■ **Task statement**: Within the records that follow, restate exactly the lines from the line with "12V Light Dimmer, Recessed" down to the line with "Футбольний м'яч професійний", including both. Omit the pictures.

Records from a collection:

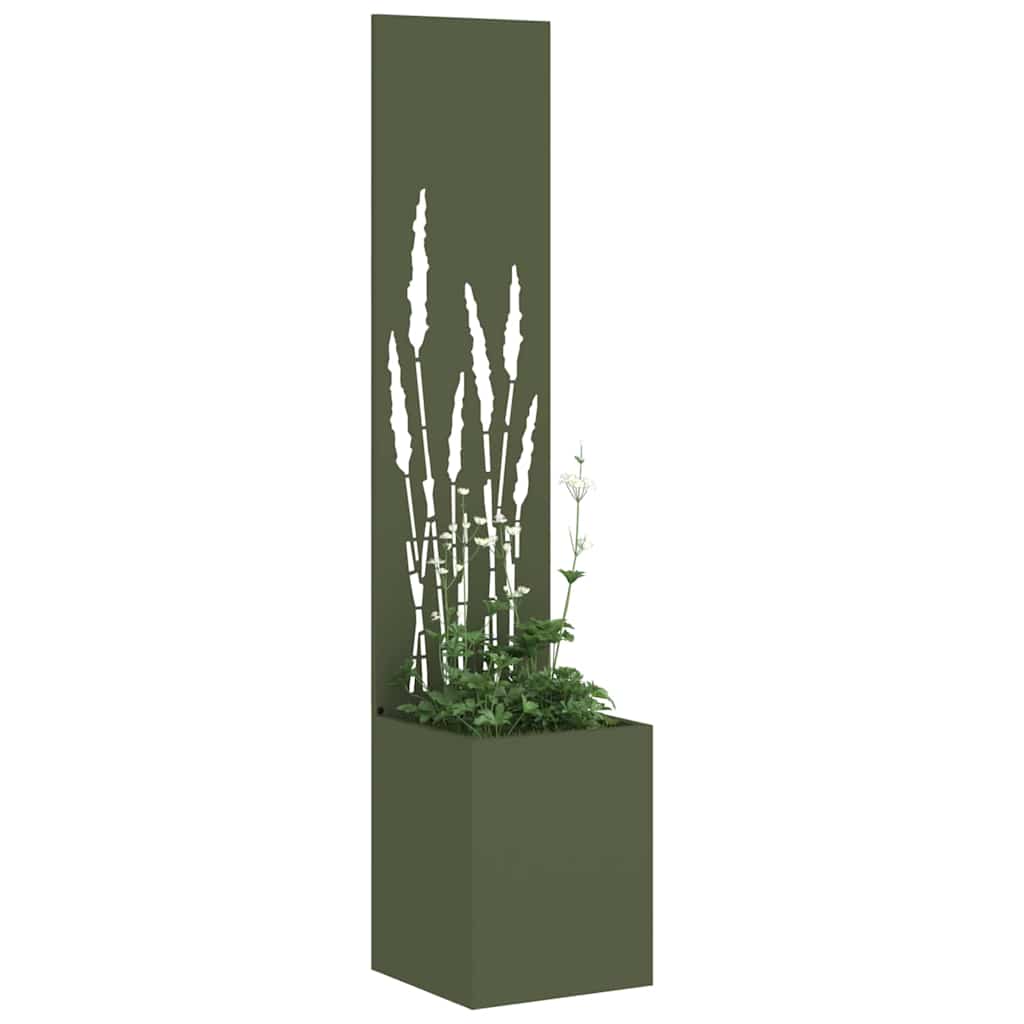 Sodo privatumo ekranas „Fretwork“ Alyvuogių žalia 32 x 140 cm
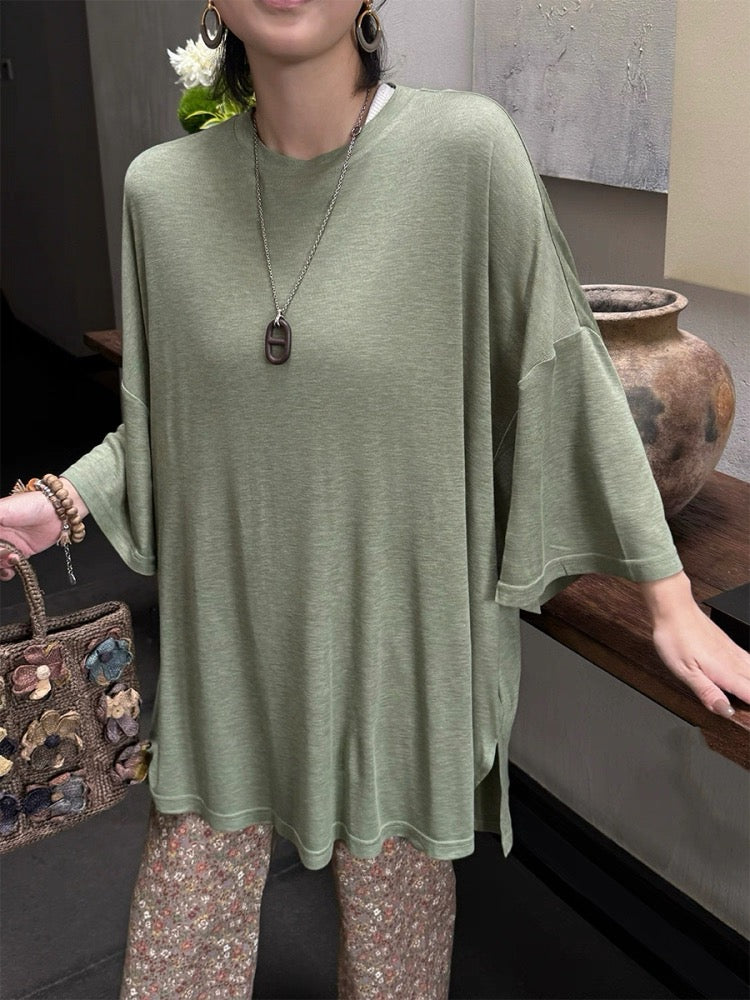 Silk and Tencel blended T-shirt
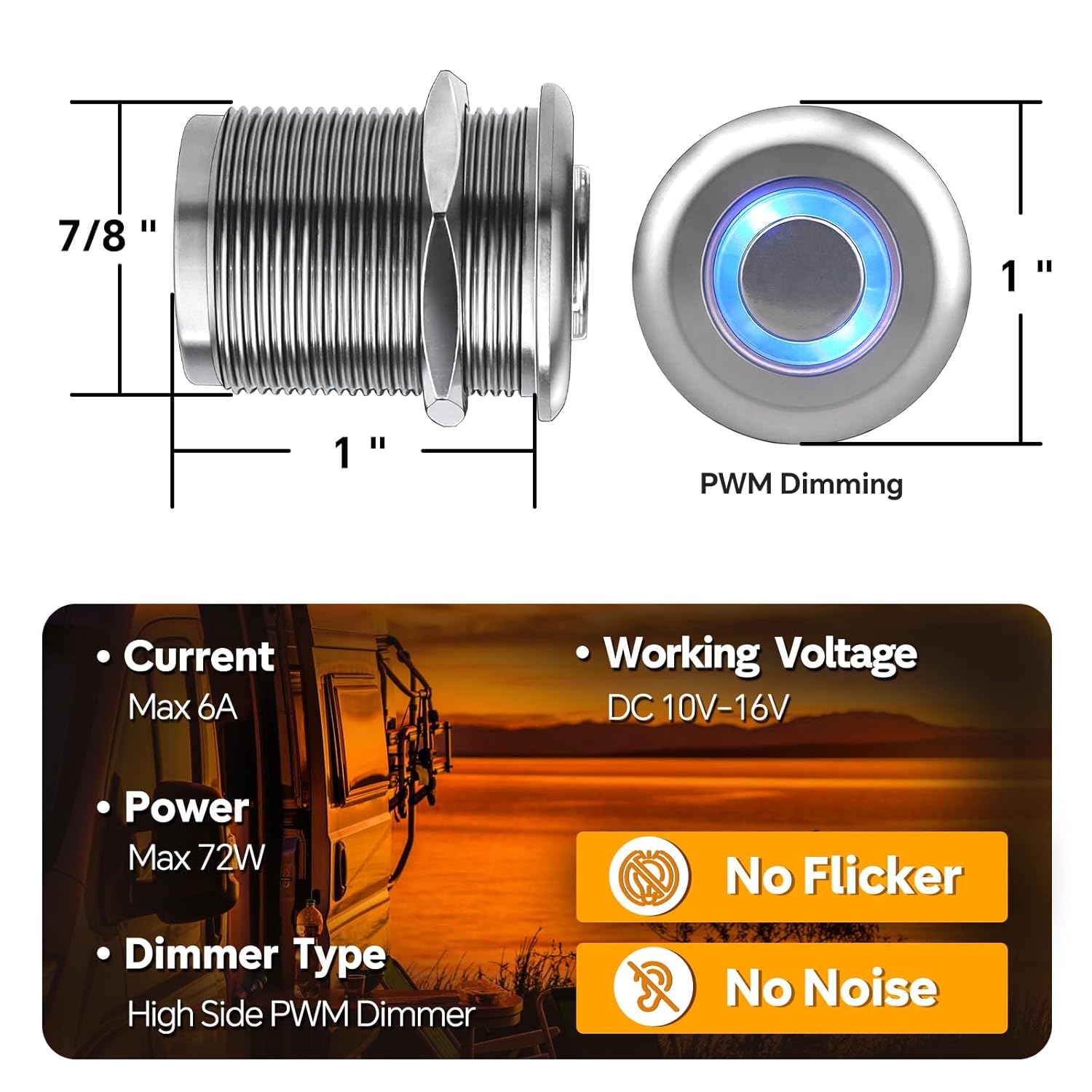 12V Light Dimmer, Recessed Stainless 12 Volt PWM Dimmer Switch for RV Boat Car Lighting, Push Button Dimmer for 12V LED Strip Light Rope Light, 3/4” Drill Hole (2Pack-Upgrade)
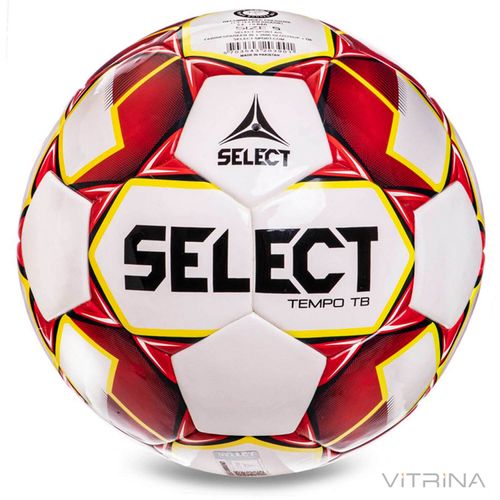 Футбольний м'яч професійний №5 Select Tempo TB IMS WR (FPUS-T 1600, білий-червоний)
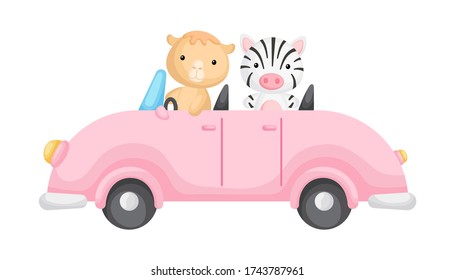 Cute camel and zebra driver on pink car. Graphic element for childrens book, album, scrapbook, postcard or mobile game. Flat vector illustration isolated on white background.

■ **Written solution**:
 12V Light Dimmer, Recessed Stainless 12 Volt PWM Dimmer Switch for RV Boat Car Lighting, Push Button Dimmer for 12V LED Strip Light Rope Light, 3/4” Drill Hole (2Pack-Upgrade)
 Футбольний м'яч професійний №5 Select Tempo TB IMS WR (FPUS-T 1600, білий-червоний)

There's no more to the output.